Find a good friend to lean on--I don't know what your support network looks
like. When I went through divorce, I had good friends that helped me through,
and after a few months, I was back to myself.

------
AznHisoka
Napoleon Hill once said that man just does ambitions to impress women! Now
that you lose your girlfriend, perhaps this is the case for you? You lost the
bulk of your motivation?

------
chris_dcosta
I think your title isn't correct. You said as much yourself - you don't hate
the startup, you hate the people, and your analysis is correct, it's the
break-up that's tainting things.

Are you the boss? Can the thing run without you for a while? Take a break.
Make a decision: stay or go. Come back and implement it.

------
nodemaker
Take a break and go to Hawaii or some place exotic ALONE. Meet some exotic
women there. You'll be fine. Dont think too much. I have noticed that the best
way of dealing with a bad mood is to ignore it.

------
blaireaug
Have you talked to your cofounders about it? If not, maybe you should.
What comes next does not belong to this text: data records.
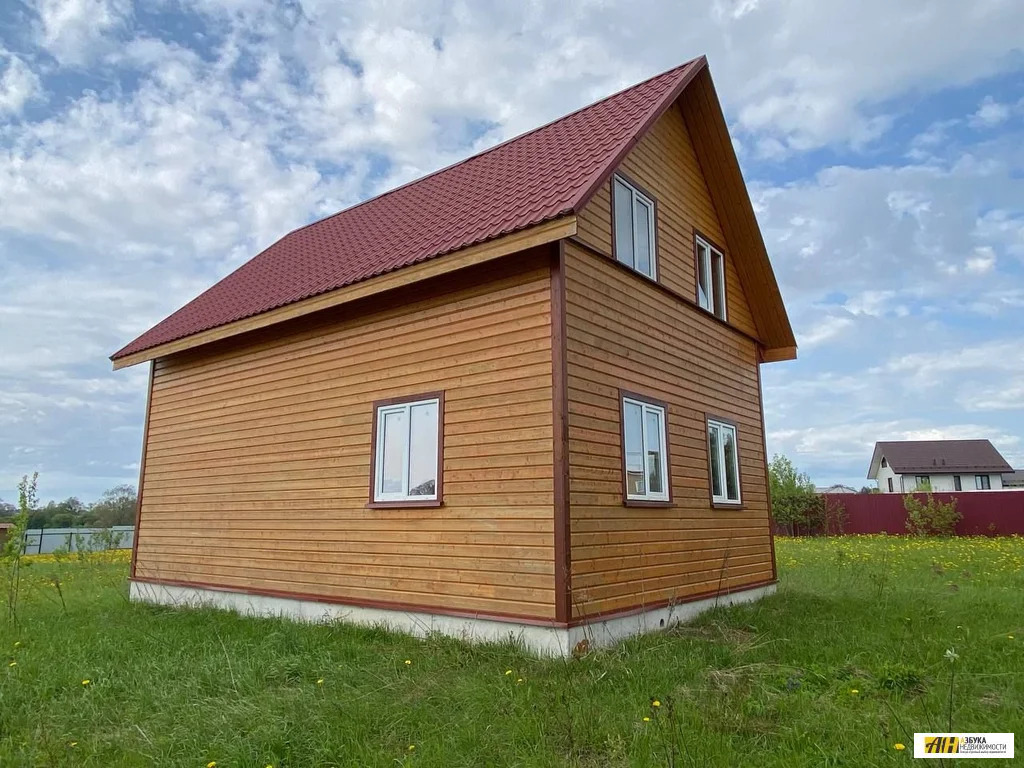 Продажа дома, Можайский район, СНТ Царские Берега - Фото 12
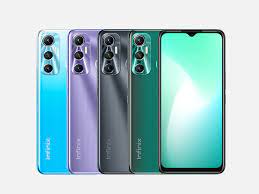 Infinix Hot 11 - Notebookcheck.com ...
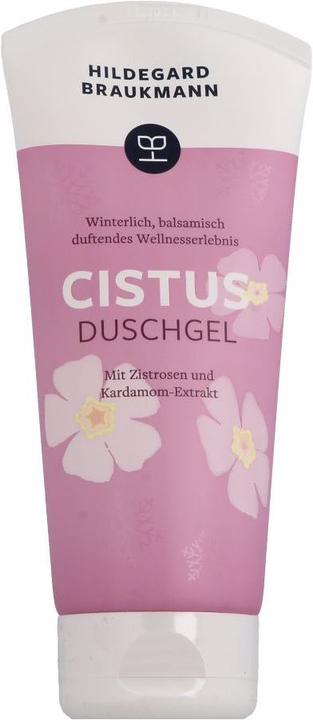 Hildegard Braukmann Cistus (200 ml)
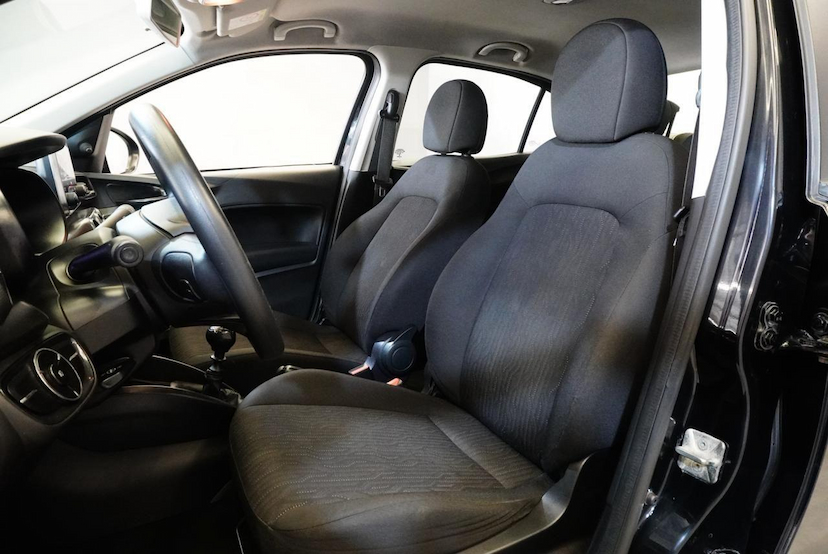 Foto do veículo FIAT CRONOS  DRIVE 1.3 2020 73.448 KM 66.900,00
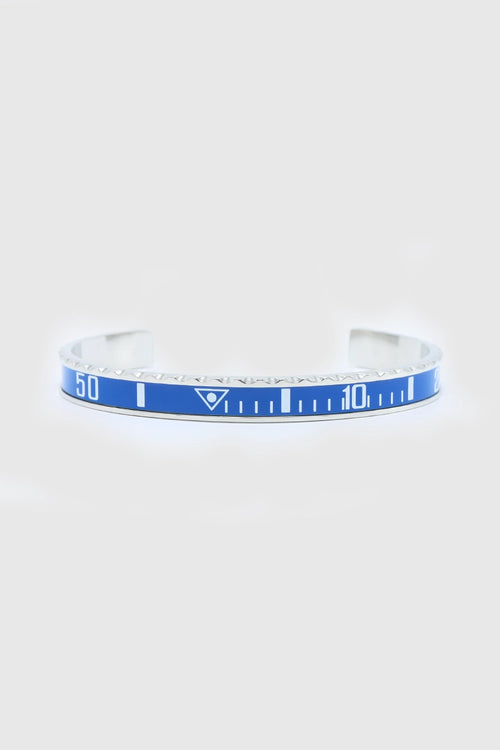 LECLAF | Bracciale metallo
If you
can't, then quit.

------
gamechangr
Don't make a move until the dust from your girlfriend settles.

You have to get the passion back...or quit!

------
igzebedze2
personal crisis is a huge factor here, and don't assume you can or that you
should separate personal life from business. it doesn't work.

what don't you like with the people you're working with?

------
taskstrike
Some advice: When I'm sad, I stop being sad and be awesome instead.

The fact that you are making money is already great, a lot of people are
struggling to get by in their companies.

Don't make a decision that you will later regret.